Apple says it has "a big week ahead." Here's what we expect to see.


it’s what’s on the inside that counts

Apple says it has “a big week ahead.” Here’s what we expect to see.

Apple is taking an “ain’t broke/don’t fix” approach to most of its gadgets.

Andrew Cunningham

Feb 27, 2026 8:37 am

| 104

Apple's 2018-era design for the then-Intel-powered MacBook Air. The M1 Air used largely the same design, and we expect Apple's lower-cost MacBook to look pretty similar.

Credit:

Valentina Palladino

Apple's 2018-era design for the then-Intel-powered MacBook Air. The M1 Air used largely the same design, and we expect Apple's lower-cost MacBook to look pretty similar.

Credit:

Valentina Palladino

Excepting the AirTag 2, so far it’s been a quiet year for Apple hardware. But that’s poised to change next week, as the company is hosting a “special experience” on March 4.

The use of the word experience, rather than event or presentation, implies that Apple’s typical presentation format won’t apply here. And CEO Tim Cook more or less confirmed this when he posted that the company had “a big week ahead,” starting on Monday. Apple is most likely planning multiple days of product launches announced via press release on its Newsroom site, with the “experience” on Wednesday serving as a capper and a hands-on session for the media.

Apple has used a similar strategy before, spacing out relatively low-key refreshes over several days to generate sustained interest rather than dropping everything in a single 30- to 60-minute string of pre-recorded videos.

Reporting on what, exactly, Apple plans to announce has consistently centered on a small handful of specific devices, but with the exception of the iPhone 17 series, the M5 Vision Pro, and the Apple Watch, most of Apple’s major products have gone long enough without an update that anything is possible. Here’s what we consider to be the most likely, and a few other notes besides.

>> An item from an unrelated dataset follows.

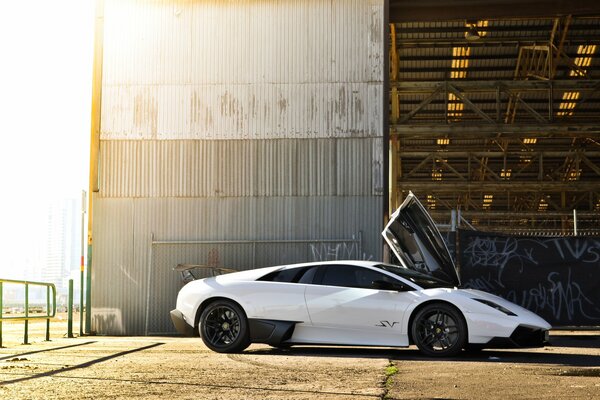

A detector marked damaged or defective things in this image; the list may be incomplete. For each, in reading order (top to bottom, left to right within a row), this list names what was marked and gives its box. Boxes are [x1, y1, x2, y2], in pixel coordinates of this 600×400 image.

rusty metal panel [101, 0, 384, 141]
rusty metal panel [100, 139, 378, 198]
rusty metal panel [92, 196, 384, 334]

The long-awaited “budget” MacBook

Most rumors and leaks agree that Apple is preparing to launch a new MacBook priced well below the MacBook Air, in a style similar to the $349 iPad or the iPhone 16e. Commonly cited specs include a 13-inch-ish screen and an Apple A18 Pro chip, which debuted in the iPhone 16 Pro in 2024 and is typically packaged with 8GB of RAM. The laptop is also said to be coming in multiple colors, taking a page from the iMac and the basic iPad.

Rumors have circulated about a “cheap” MacBook purpose-built for cost-conscious buyers since the late 2000s, if not before. But none of these, if they’ve existed in Apple’s labs, have ever made it to stores, and Apple’s laptops have reliably started at around $1,000 for over 20 years.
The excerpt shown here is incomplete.